Concurrent deer seasons not among proposed hunting changes

Posted on: February 7, 2018 | Bob Frye | Comments

Concurrent deer seasons are no longer the norm in Pennsylvania.

Concurrent deer seasons won’t be coming back to Pennsylvania any time soon, it seems.
Bob Frye/Everybody Adventures

The most requested change to hunting seasons for 2018-19 is the one Pennsylvania Game Commissioners aren’t interested in.

That’s concurrent deer seasons.

Popular opinion is the reason.

At the commission’s recent board meeting, a handful of people asked for two weeks of concurrent deer seasons. That’s when both bucks and does are legal.

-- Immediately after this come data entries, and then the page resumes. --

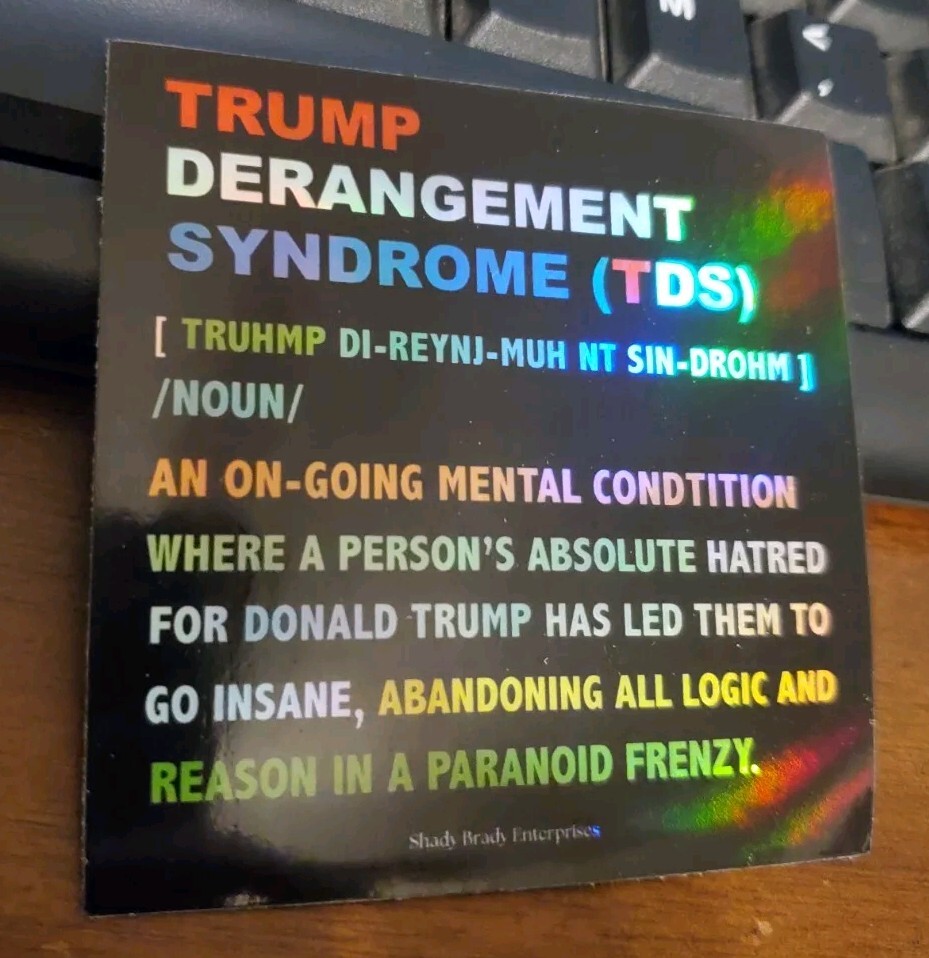 TRUMP TDS DERANGEMENT SYNDROME HOLOGRAPHIC REFLECTIVE STICKER TDS AWARENESS 😬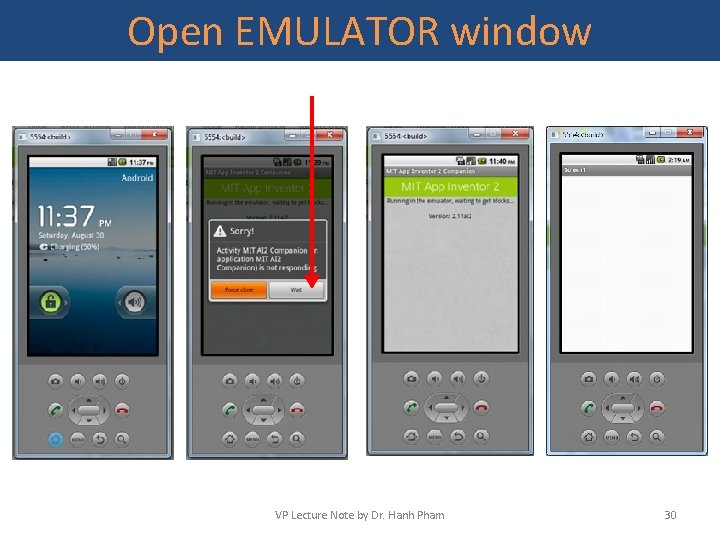 Open EMULATOR window VP Lecture Note by Dr. Hanh Pham 30 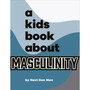 A Kids Book About Masculinity - ISBN 9780241743898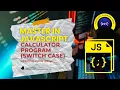 Calculator Program Using Switch Case in Javascript Lec 13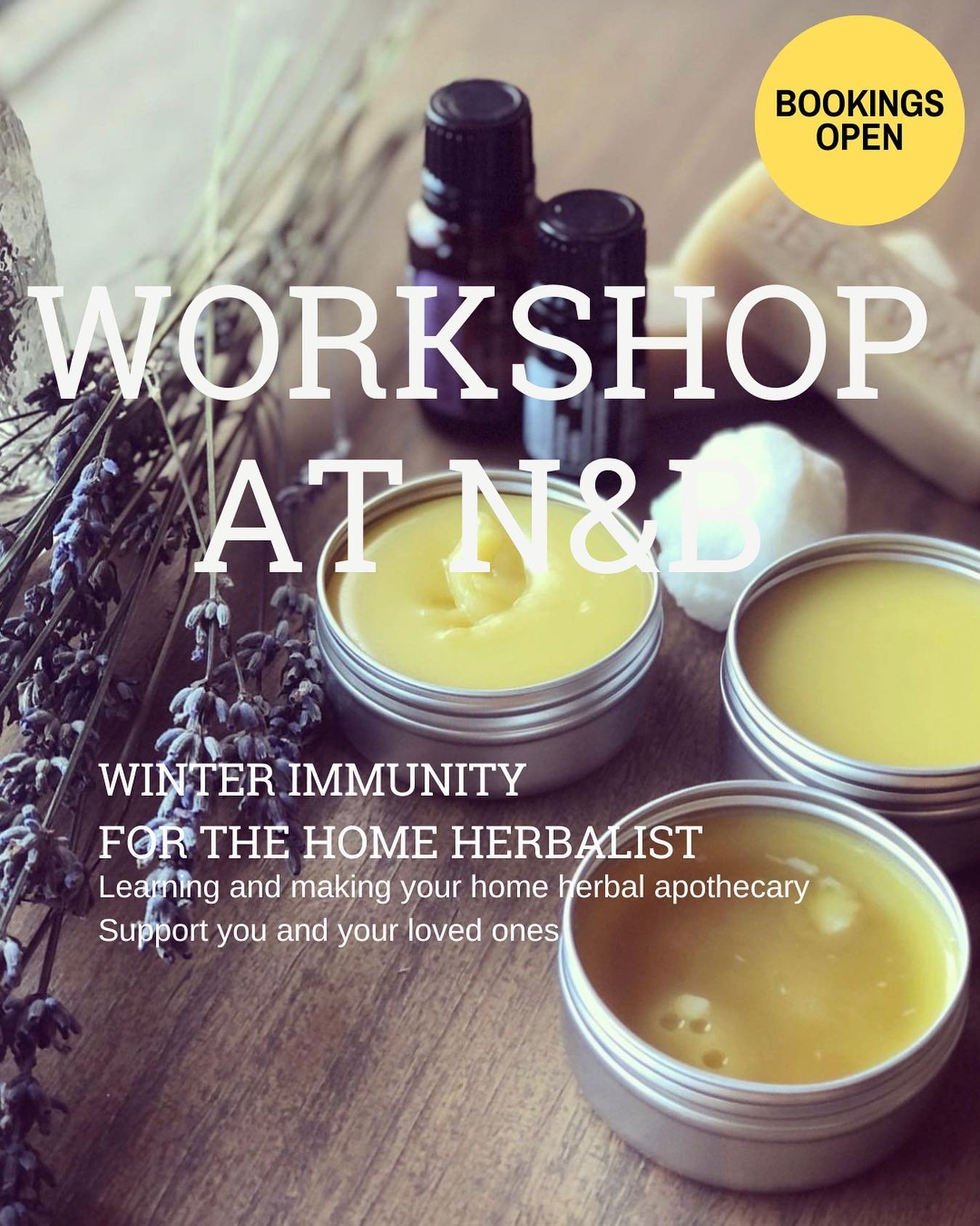WORKSHOP AT N&amp;B

Learning and making of herbal medicinal remedies for 

WINTER IMMUNITY

Come have some fun at N&amp;B
Saturday 4th May 12-2pm

Make your own herbal remedies to take home with you
🍎 fire cider
🌿 throat soothe
🌻 chest rub

Plus 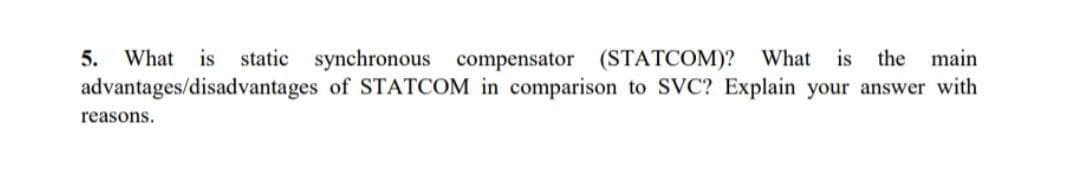 5. What is static synchronous compensator (STATCOM)? What is the main
advantages/disadvantages of STATCOM in comparison to SVC? Explain your answer with
reasons.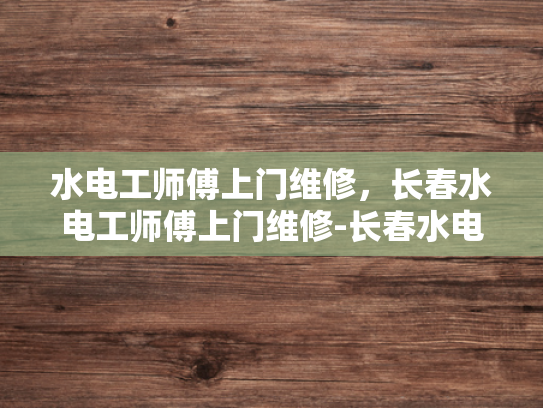 水电工师傅上门维修，长春水电工师傅上门维修-长春水电工师傅上门维修服务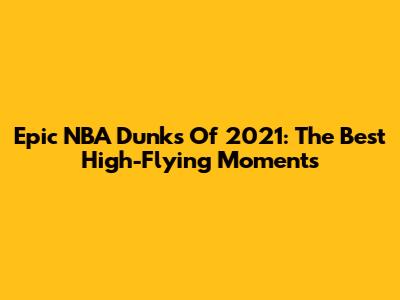 Epic NBA Dunks Of 2021: The Best High-Flying Moments
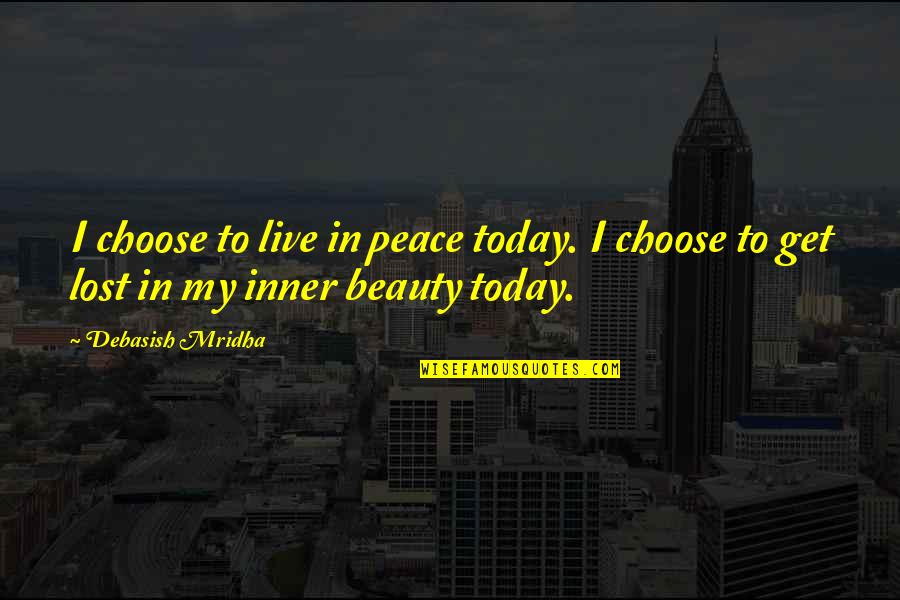 Rosenauer School Quotes By Debasish Mridha: I choose to live in peace today. I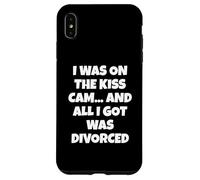 I Was on the Kiss Cam... and All I Got Was Divorced Case for iPhone XS Max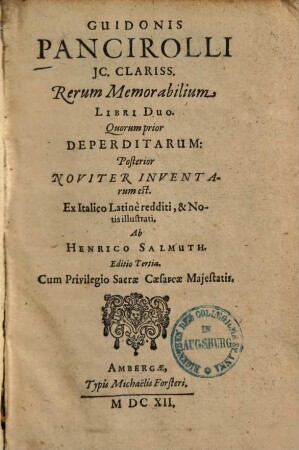 Guidonio Pancirolli Rerum memorabilium libri duo : quorum prior deperditarum, posterior noviter inventarum est. 1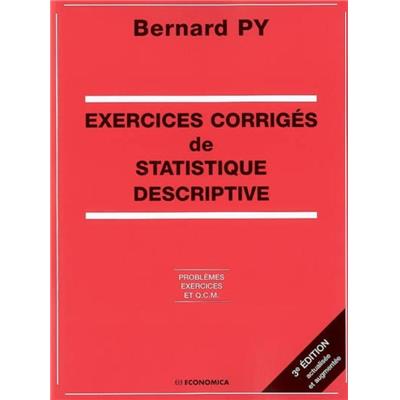 Exercices corrigés de statistique descriptive, 3e éd.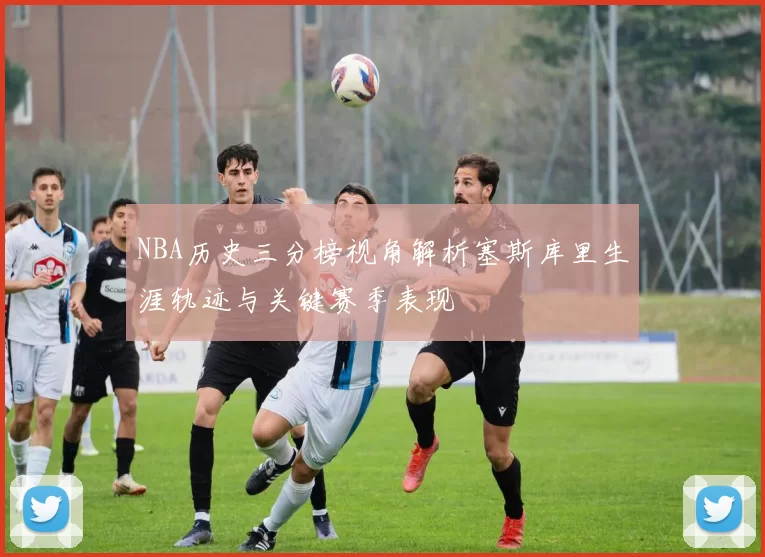 NBA历史三分榜视角解析塞斯库里生涯轨迹与关键赛季表现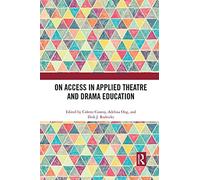 On Access In Applied Theatre And Drama Education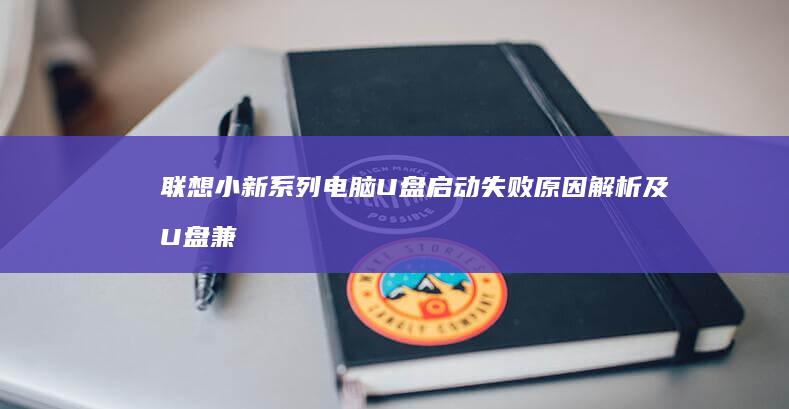 联想小新系列电脑U盘启动失败原因解析及U盘兼容性检查与安全启动关闭方法 (联想小新系列有哪些型号)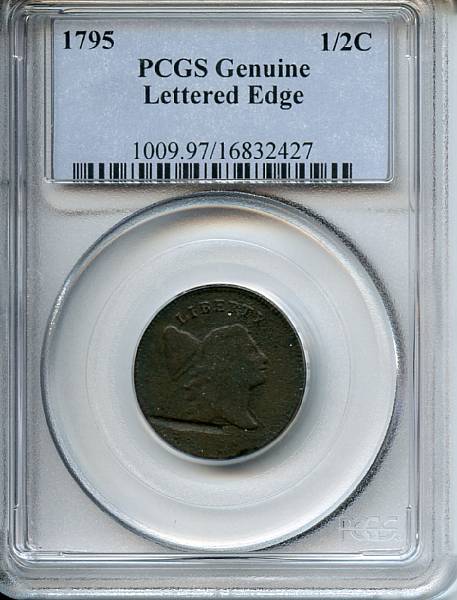 Appraisal: C Lettered Edge Genuine Environmental Damage PCGS C- B- R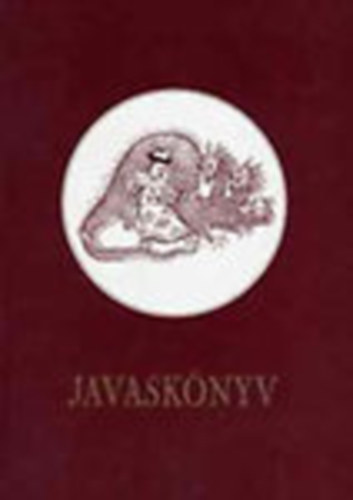 Mireisz Lszl  (szerk.) - Javasknyv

They’d like that option specifically in the statewide firearms deer season.

Brad Nelson is coordinator of the Kinzua Quality Deer Cooperative. Its goals are to improve hunting experiences and deer and forest health on 70,000 acres of public and private land in northwest Pennsylvania. To reach those goals, Nelson said, it’s important to maintain hunter numbers.

Yet, he pointed out, federal surveys show participation declined by 16 percent between 2011 and 2016.

Concurrent deer seasons could help reverse that, he said.

“As demographics and lifestyles change, we believe it is imperative for the Pennsylvania Game Commission to maximize the number and flexibility of options to enable those interested in hunting to participate around ever-more-restrictive work schedules and participate in ways that maximize the probability of success for new hunters and for senior hunters,” Nelson said.

Other options for help hunters could include opening firearms deer season on a Saturday, he noted.

Mary Hosmer, a resident of that same general area, likewise said concurrent deer seasons would be a huge help to hunters.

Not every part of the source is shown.